Ministerie van Sociale Zaken
en Werkgelegenheid Directie
Communicatie

19 november 2003

Nr. 03/176

Kabinet vraagt reactie SER op nieuwe criteria arbeidsongeschiktheid

Minister De Geus van Sociale Zaken en Werkgelegenheid heeft de Sociaal-Economische Raad (SER) advies gevraagd over criteria waarmee de mate van arbeids(on)geschiktheid in het nieuwe WAO-stelsel kan worden bepaald. Ook heeft de bewindsman verzocht aannemelijk te maken hoe uitwerking van de adviezen van de SER, de instroom van volledig en duurzaam arbeidsongeschikten kan beperken tot maximaal 25.000 per jaar. De adviesaanvraag maakt deel uit van de afspraken die in het najaarsakkoord op 14 oktober zijn gemaakt.

De kern van het nieuwe criterium voor volledige arbeidsongeschiktheid is het duurzaam niet in staat zijn om met arbeid inkomen te verwerven "als rechtstreeks en objectief medisch vast te stellen gevolg van ziekte". In de adviesaanvraag komt ook gedeeltelijke arbeidsgeschiktheid aan bod. Volgens het voorstel van het kabinet is iemand gedeeltelijk arbeidsgeschikt als hij door ziekte slechts in staat is ten hoogste 65 procent te verdienen van wat hij vroeger verdiende. Het gaat hierbij om mensen die niet in aanmerking komen voor een uitkering op grond van de regeling voor volledig en duurzaam arbeidsongeschikten.

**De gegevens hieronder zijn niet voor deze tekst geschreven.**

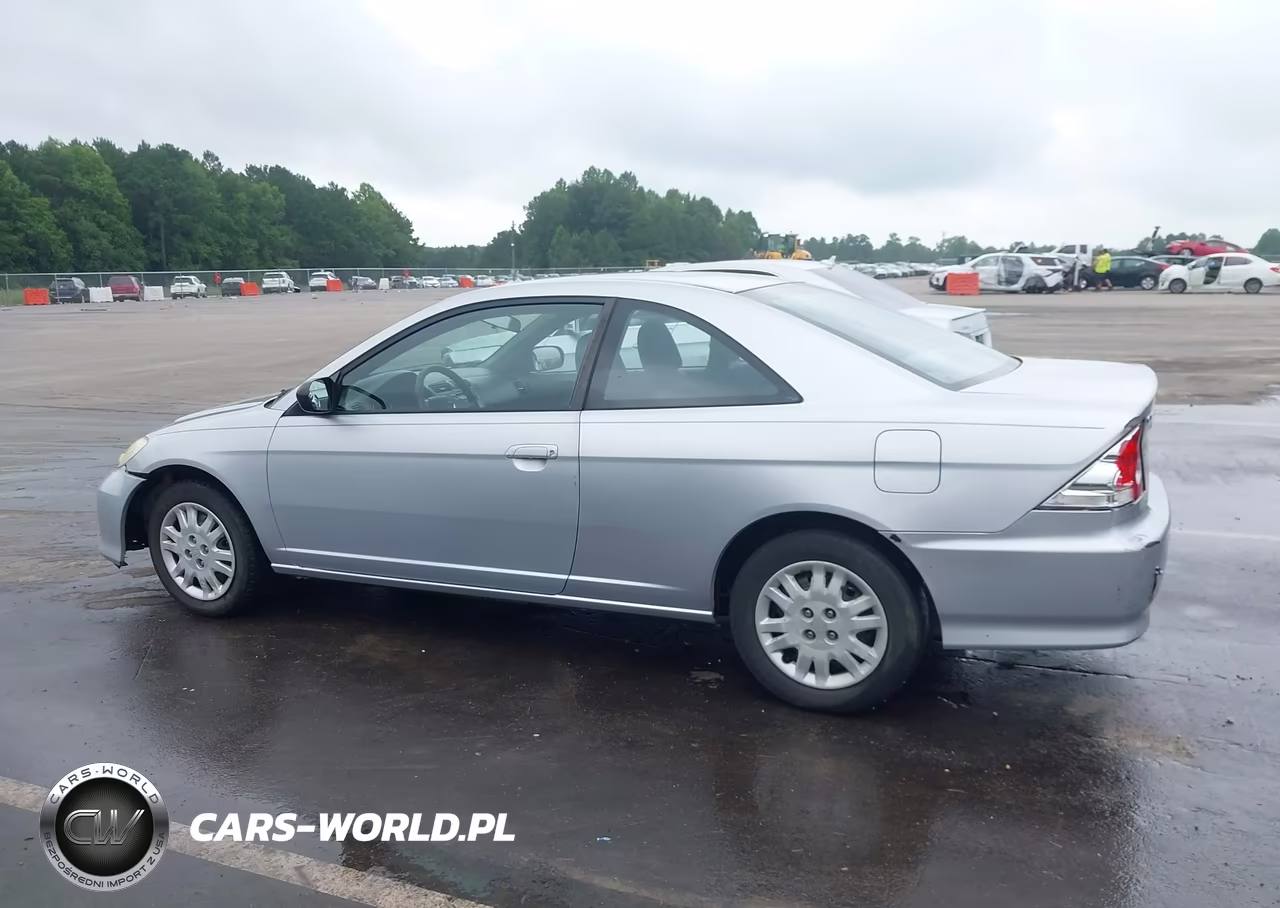 2005 Honda Civic Lx VIN:1HGEM22525L067964 - 14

Behalve advies over arbeidsongeschiktheidscriteria, heeft minister De Geus de SER ook advies gevraagd over flexibele arbeidsrelaties en de positie van militairen in het nieuwe stelsel, alsmede over de op te zetten Extra Garantieregeling Beroepsrisico's. Het kabinet is van mening dat in het nieuwe arbeidsongeschiktheidstelsel een aparte, private regeling nodig is om werknemers te verzekeren tegen de gevolgen van beroepsziektes en bedrijfsongevallen. De reden hiervoor is dat de Nederlandse wetgeving anders niet zou voldoen aan internationale normen. Daarnaast voorkomt de regeling dat gedupeerde werknemers via individuele civielrechtelijke procedures tegen hun (voormalige) werkgever hun rechten moeten bevechten. De Geus vraagt de SER of men deze motivering en de (private) verzekeringsvorm onderschrijft. Ook wordt de Raad gevraagd welke rol hij weggelegd ziet voor de sociale partners bij het uitwerken van de regeling. De minister heeft de Raad verzocht in januari 2004 advies uit te brengen.